Write out the listing from the line with "Home Photo Lab" to the line with "TopFapGirls.net provides exclusive", both lines included, exactly and nothing beyond. Leave pictures out.

━━━━━ Information shown

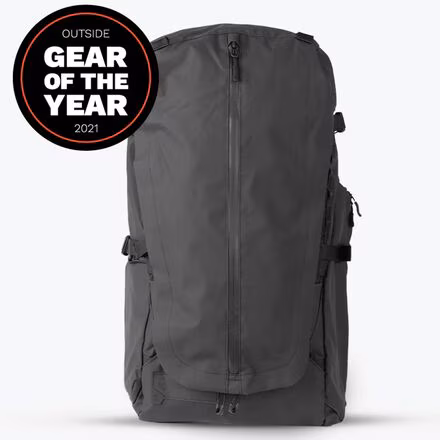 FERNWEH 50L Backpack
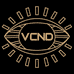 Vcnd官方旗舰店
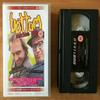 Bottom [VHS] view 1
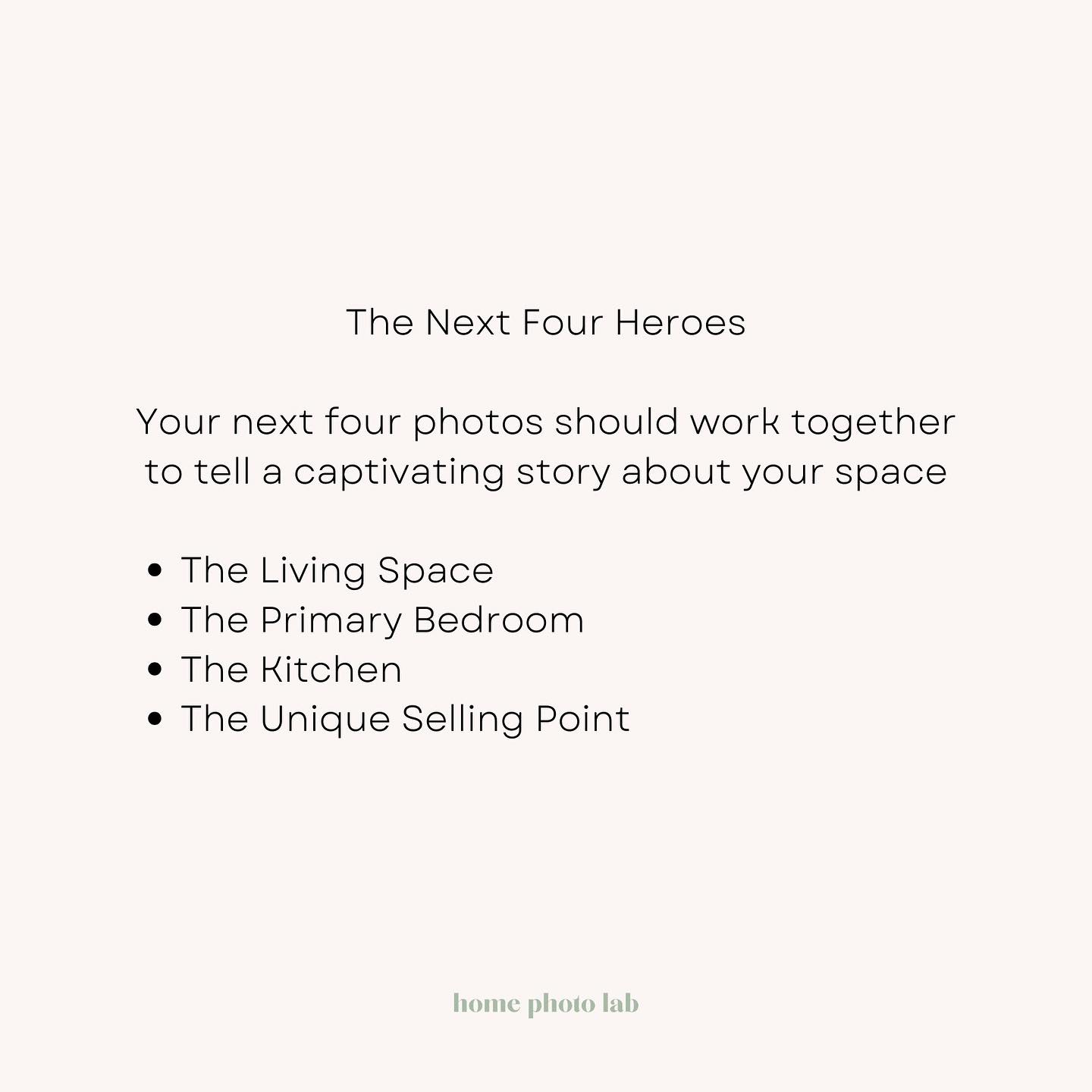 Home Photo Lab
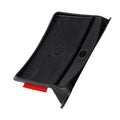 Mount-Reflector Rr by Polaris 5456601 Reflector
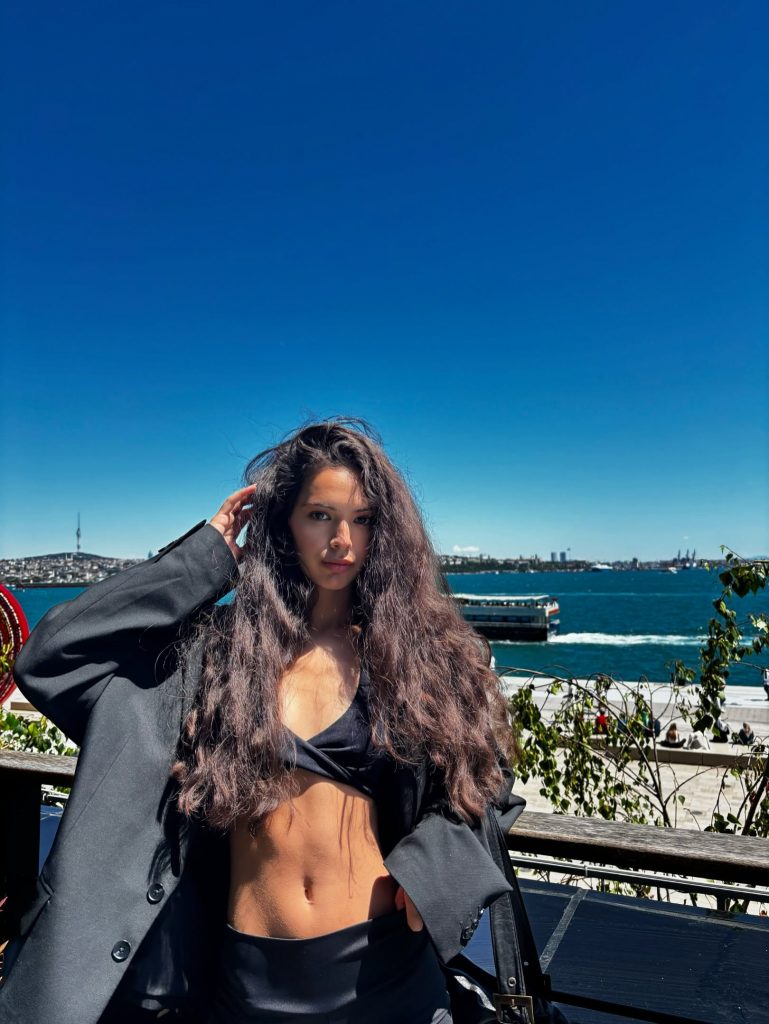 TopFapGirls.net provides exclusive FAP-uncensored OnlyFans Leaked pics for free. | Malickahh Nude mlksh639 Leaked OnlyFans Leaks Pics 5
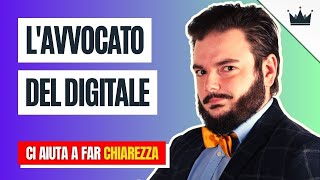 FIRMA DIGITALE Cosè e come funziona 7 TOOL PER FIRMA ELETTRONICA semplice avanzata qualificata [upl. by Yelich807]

━━━━━━━━━━

**Finished task**
 Home Photo Lab
 Mount-Reflector Rr by Polaris 5456601 Reflector
 TopFapGirls.net provides exclusive FAP-uncensored OnlyFans Leaked pics for free. | Malickahh Nude mlksh639 Leaked OnlyFans Leaks Pics 5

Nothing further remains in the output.